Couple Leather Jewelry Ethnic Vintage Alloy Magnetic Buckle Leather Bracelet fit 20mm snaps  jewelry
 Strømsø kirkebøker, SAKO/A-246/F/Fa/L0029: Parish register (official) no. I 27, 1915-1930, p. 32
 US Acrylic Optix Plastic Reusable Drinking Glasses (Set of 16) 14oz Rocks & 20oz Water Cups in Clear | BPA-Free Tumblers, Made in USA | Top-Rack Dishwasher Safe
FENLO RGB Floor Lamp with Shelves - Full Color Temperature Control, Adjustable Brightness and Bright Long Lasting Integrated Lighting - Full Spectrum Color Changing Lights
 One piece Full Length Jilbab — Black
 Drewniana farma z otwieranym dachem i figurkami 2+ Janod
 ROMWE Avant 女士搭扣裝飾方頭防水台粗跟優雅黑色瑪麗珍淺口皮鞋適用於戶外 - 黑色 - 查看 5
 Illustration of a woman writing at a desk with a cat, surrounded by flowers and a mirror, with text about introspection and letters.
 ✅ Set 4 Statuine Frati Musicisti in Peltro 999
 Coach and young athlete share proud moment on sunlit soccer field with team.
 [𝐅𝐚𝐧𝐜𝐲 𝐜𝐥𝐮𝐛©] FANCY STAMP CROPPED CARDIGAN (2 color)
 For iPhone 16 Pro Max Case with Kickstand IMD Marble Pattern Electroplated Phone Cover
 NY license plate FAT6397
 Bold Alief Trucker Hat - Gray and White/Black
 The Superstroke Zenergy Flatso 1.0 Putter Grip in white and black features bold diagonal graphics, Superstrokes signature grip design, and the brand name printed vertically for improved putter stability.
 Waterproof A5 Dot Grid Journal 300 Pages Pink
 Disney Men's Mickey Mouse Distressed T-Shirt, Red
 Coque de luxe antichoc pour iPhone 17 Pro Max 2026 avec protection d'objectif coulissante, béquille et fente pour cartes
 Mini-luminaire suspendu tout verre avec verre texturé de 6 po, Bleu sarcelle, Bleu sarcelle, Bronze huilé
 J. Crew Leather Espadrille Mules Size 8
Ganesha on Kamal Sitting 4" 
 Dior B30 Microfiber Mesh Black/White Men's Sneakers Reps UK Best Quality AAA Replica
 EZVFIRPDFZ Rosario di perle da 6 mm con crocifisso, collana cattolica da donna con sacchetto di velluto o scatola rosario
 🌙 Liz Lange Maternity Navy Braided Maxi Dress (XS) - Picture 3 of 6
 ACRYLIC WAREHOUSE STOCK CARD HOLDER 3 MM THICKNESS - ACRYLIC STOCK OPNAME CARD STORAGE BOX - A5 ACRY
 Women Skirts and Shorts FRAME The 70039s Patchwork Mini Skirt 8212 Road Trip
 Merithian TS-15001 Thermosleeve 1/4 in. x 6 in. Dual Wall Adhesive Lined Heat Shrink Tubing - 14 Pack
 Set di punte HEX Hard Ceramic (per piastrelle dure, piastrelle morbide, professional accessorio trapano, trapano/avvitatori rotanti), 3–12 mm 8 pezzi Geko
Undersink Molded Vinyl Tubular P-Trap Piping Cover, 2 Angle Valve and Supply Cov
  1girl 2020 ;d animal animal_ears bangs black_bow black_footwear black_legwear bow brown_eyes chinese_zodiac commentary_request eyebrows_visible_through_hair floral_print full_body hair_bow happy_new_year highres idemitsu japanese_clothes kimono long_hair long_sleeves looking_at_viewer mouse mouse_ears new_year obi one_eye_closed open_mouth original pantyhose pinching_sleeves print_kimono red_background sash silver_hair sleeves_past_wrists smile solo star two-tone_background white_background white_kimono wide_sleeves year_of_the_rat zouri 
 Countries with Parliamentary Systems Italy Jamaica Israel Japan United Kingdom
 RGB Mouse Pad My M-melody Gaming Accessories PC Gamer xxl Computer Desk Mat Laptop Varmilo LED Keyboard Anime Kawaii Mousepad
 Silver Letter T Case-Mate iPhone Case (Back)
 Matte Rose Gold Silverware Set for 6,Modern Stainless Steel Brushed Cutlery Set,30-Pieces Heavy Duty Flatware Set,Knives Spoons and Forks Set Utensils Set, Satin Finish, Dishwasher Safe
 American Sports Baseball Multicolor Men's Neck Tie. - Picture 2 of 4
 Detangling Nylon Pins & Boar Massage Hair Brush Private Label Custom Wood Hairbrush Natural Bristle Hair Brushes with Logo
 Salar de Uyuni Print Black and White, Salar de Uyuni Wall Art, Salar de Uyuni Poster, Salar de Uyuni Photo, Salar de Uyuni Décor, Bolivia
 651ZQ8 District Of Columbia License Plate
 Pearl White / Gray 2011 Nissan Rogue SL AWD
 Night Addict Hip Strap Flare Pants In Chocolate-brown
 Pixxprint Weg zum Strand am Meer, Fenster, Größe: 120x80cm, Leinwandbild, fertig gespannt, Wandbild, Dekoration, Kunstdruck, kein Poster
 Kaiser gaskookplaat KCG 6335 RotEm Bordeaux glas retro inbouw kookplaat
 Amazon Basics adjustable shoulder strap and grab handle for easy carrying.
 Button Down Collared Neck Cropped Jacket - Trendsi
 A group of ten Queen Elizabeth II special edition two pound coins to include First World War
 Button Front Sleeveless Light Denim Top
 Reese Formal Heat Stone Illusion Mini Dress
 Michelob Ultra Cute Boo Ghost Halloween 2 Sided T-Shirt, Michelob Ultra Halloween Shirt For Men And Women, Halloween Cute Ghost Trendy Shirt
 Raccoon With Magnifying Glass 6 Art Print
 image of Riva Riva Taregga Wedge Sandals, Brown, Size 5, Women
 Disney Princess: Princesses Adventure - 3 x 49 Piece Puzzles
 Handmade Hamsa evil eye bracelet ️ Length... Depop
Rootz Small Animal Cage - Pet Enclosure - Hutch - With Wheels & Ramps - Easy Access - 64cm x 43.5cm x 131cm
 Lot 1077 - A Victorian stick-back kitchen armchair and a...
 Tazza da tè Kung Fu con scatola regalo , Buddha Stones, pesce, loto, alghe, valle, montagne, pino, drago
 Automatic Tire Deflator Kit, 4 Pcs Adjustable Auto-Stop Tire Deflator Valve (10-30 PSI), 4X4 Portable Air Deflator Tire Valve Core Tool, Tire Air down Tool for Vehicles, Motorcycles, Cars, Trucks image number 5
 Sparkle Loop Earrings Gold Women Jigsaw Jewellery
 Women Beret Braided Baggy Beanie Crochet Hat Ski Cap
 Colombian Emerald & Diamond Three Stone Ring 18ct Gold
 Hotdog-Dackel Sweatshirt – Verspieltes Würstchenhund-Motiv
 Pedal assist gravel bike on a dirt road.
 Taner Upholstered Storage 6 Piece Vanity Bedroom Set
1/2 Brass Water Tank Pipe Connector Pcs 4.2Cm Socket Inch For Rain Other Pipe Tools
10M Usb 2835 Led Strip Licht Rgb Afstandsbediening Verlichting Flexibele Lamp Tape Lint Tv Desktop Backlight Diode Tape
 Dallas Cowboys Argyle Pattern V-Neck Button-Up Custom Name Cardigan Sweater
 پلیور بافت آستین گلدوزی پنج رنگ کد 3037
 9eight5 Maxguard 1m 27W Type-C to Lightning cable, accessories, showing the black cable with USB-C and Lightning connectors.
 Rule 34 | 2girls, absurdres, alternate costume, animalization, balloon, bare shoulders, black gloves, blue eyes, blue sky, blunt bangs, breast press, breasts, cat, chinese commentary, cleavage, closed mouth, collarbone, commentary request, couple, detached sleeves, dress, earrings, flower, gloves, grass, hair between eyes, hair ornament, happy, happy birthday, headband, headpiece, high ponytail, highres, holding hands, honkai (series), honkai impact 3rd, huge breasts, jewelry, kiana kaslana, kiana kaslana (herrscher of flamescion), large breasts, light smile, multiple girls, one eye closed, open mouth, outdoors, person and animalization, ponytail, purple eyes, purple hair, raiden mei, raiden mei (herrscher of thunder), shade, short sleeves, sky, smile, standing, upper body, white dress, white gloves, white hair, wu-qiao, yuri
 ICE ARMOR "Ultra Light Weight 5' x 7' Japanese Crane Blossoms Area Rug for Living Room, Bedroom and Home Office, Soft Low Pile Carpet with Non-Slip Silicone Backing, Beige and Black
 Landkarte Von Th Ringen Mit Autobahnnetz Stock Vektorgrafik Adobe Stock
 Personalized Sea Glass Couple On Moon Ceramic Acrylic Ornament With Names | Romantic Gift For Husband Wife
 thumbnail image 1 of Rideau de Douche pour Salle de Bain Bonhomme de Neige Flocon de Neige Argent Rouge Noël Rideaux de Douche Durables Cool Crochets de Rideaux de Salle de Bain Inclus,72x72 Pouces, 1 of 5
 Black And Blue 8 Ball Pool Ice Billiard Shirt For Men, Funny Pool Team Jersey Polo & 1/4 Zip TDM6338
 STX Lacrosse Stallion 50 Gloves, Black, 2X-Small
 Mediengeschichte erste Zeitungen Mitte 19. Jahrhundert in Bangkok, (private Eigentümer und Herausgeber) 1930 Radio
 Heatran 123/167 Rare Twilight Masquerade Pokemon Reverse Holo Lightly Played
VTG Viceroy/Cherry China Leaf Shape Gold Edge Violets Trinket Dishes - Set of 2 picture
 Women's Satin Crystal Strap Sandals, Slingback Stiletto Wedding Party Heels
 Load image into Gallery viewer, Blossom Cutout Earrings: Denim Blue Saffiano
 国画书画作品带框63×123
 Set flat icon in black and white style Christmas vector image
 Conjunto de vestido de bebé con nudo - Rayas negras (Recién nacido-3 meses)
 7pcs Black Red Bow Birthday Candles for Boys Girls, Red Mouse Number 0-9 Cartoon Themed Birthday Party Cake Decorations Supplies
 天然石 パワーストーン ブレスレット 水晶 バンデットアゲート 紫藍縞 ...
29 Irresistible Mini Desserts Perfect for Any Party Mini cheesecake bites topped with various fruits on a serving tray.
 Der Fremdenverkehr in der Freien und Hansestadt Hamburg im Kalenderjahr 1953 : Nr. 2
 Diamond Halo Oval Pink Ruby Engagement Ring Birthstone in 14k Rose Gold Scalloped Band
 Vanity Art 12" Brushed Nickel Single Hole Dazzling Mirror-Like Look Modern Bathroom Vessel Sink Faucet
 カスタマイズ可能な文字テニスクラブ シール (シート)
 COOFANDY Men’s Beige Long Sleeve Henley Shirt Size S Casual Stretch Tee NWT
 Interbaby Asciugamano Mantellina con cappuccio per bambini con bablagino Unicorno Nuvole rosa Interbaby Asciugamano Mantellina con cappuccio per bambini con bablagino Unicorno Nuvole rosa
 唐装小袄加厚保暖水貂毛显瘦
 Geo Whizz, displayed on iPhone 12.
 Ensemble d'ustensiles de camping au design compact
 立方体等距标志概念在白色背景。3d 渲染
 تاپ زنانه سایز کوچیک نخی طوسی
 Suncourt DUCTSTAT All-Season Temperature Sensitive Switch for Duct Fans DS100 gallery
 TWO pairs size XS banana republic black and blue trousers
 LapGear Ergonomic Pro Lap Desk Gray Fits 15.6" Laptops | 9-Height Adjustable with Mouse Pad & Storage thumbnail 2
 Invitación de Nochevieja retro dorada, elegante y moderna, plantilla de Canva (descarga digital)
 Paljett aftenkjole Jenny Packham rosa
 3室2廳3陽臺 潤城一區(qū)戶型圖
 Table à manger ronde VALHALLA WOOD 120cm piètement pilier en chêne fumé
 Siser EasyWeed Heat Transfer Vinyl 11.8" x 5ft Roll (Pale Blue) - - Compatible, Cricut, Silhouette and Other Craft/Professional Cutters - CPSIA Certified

-----

* **Exercise prompt**
Retype only the lines above between the line with "Disney Princess: Princesses" and the line with "پلیور بافت آستین گلدوزی پنج رنگ کد 3037", counting those two lines as well, and keep every character as it is.

* **Answer to the exercise**
 Disney Princess: Princesses Adventure - 3 x 49 Piece Puzzles
 Handmade Hamsa evil eye bracelet ️ Length... Depop
Rootz Small Animal Cage - Pet Enclosure - Hutch - With Wheels & Ramps - Easy Access - 64cm x 43.5cm x 131cm
 Lot 1077 - A Victorian stick-back kitchen armchair and a...
 Tazza da tè Kung Fu con scatola regalo , Buddha Stones, pesce, loto, alghe, valle, montagne, pino, drago
 Automatic Tire Deflator Kit, 4 Pcs Adjustable Auto-Stop Tire Deflator Valve (10-30 PSI), 4X4 Portable Air Deflator Tire Valve Core Tool, Tire Air down Tool for Vehicles, Motorcycles, Cars, Trucks image number 5
 Sparkle Loop Earrings Gold Women Jigsaw Jewellery
 Women Beret Braided Baggy Beanie Crochet Hat Ski Cap
 Colombian Emerald & Diamond Three Stone Ring 18ct Gold
 Hotdog-Dackel Sweatshirt – Verspieltes Würstchenhund-Motiv
 Pedal assist gravel bike on a dirt road.
 Taner Upholstered Storage 6 Piece Vanity Bedroom Set
1/2 Brass Water Tank Pipe Connector Pcs 4.2Cm Socket Inch For Rain Other Pipe Tools
10M Usb 2835 Led Strip Licht Rgb Afstandsbediening Verlichting Flexibele Lamp Tape Lint Tv Desktop Backlight Diode Tape
 Dallas Cowboys Argyle Pattern V-Neck Button-Up Custom Name Cardigan Sweater
 پلیور بافت آستین گلدوزی پنج رنگ کد 3037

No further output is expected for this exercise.